County awarded $6 million grant to expand holistic intervention partnership

0
359
HIP Partnership pic provided courtesy of Pexels

By Kathy Chouteau

Impoverished Contra Costa County residents struggling with mental illness, substance dependence and homelessness while in the criminal legal system will receive expanded support thanks to a new $6 million grant received by the County Office of the Public Defender and the County Health, Housing and Homeless Services Department, per a statement from County Chief Public Defender Ellen McDonnell’s office.

The sizable grant, awarded by the California Board of State and Community Corrections (BSCC), will significantly increase the Holistic Intervention Partnership (HIP) over the next three years. Initiated as a pilot program in 2020, HIP’s collaborative team of public agencies and community-based organizations support the aforementioned vulnerable County residents in the criminal legal system to improve outcomes.

As part of the new grant, substantial funds will be applied toward preserving or providing housing for approximately 35 percent of public defender clients who are unhoused or at risk, according to the statement. Nearly half of the grant’s budget is reserved for housing staffing and resources, providing “direct dollars for housing, both permanent and short-term, for those impacted by the local criminal legal system.”

According to McDonnell’s office, HIP has been effective in supporting vulnerable county residents, reducing incarceration and increasing public safety. The new grant will bolster HIP’s array of resources, to encompass “immediate legal representation, civil legal advocacy and community based services for at least 900 people over three years.”
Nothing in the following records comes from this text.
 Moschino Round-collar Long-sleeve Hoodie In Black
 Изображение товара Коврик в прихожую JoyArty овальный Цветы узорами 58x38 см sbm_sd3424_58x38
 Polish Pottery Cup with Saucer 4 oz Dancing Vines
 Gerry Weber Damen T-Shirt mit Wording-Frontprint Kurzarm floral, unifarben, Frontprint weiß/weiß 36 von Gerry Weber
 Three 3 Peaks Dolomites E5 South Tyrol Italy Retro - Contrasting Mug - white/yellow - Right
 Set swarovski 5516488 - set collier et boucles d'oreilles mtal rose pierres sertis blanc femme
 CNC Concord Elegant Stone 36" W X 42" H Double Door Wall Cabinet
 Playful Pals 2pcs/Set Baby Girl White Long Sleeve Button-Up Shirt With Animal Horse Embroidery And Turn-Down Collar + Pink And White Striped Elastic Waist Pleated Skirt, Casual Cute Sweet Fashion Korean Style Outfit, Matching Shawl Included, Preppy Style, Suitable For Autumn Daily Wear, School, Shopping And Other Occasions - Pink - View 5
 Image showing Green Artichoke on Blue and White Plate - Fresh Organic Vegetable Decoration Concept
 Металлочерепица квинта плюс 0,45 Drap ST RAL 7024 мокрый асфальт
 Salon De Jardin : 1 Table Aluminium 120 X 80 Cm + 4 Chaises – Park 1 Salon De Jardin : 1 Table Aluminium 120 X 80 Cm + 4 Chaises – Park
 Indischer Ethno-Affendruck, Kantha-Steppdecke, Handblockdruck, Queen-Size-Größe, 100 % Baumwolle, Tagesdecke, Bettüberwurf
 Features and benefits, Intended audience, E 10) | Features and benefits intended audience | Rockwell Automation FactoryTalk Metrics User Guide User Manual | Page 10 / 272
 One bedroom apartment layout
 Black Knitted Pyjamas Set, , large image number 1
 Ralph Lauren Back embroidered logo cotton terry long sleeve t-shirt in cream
“We are so grateful that, with this state grant, we will be able to expand access to critical legal, housing, mental health and reentry services to support those involved in our criminal legal system and ensure that they have the resources that they need in order to be successful in our community,” said McDonnell.

The grant is made possible through Prop 47 revenues, said McDonnell’s office. The 2014 voter-approved initiative reduced penalties from felonies to misdemeanors for a number of nonviolent crimes, in turn directing the state incarceration savings toward increasing community-based resources in jurisdictions throughout California.

The HIP partnership consists of the Contra Costa County Public Defender’s Office; County Health, Housing and Homeless Services; County Behavioral Health Division; County Employment and Human Services Department; Rubicon Programs and its Reentry Success Center; and the Hume Center, per McDonnell’s office.